Dans la Bible hébraïque, la sorcière d'Endor, ou pythonisse d'Endor (village canaanite situé probablement sur le mont Moréh), telle que mentionnée dans le premier livre de Samuel, chapitre 28:3–25, est une femme nécromancienne « qui possède un talisman », avec lequel elle appelle le prophète Samuel récemment décédé, à la demande de Saül, roi d'Israël. Elle a été comparée à un médium.

D'après la Bible[modifier | modifier le code]

Saül est abandonné par Yahvé. Il est à la fin de son règne, et ne désire plus que la mort de David. Or celui-ci s'est allié avec les Philistins et Saül veut connaître les intentions de Dieu. Le roi sait que Dieu a interdit la sorcellerie et punit de mort tous ceux qui s'y adonnent.
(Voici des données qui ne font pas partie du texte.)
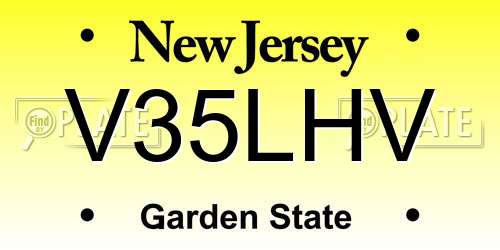 V35LHV New Jersey License Plate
Du vivant du prophète Samuel, Saül a même fait exécuter tous les sorciers et tous les nécromanciens.

Les Philistins ont rassemblé leurs forces et campent à Sunem. Saül a, quant à lui, positionné son armée à Gelboé. Le roi est terrifié à la vue des troupes ennemies et en appelle à Dieu, mais ne reçoit aucune réponse par les oracles traditionnels, rêves, prophètes et Ourim et Thoummim.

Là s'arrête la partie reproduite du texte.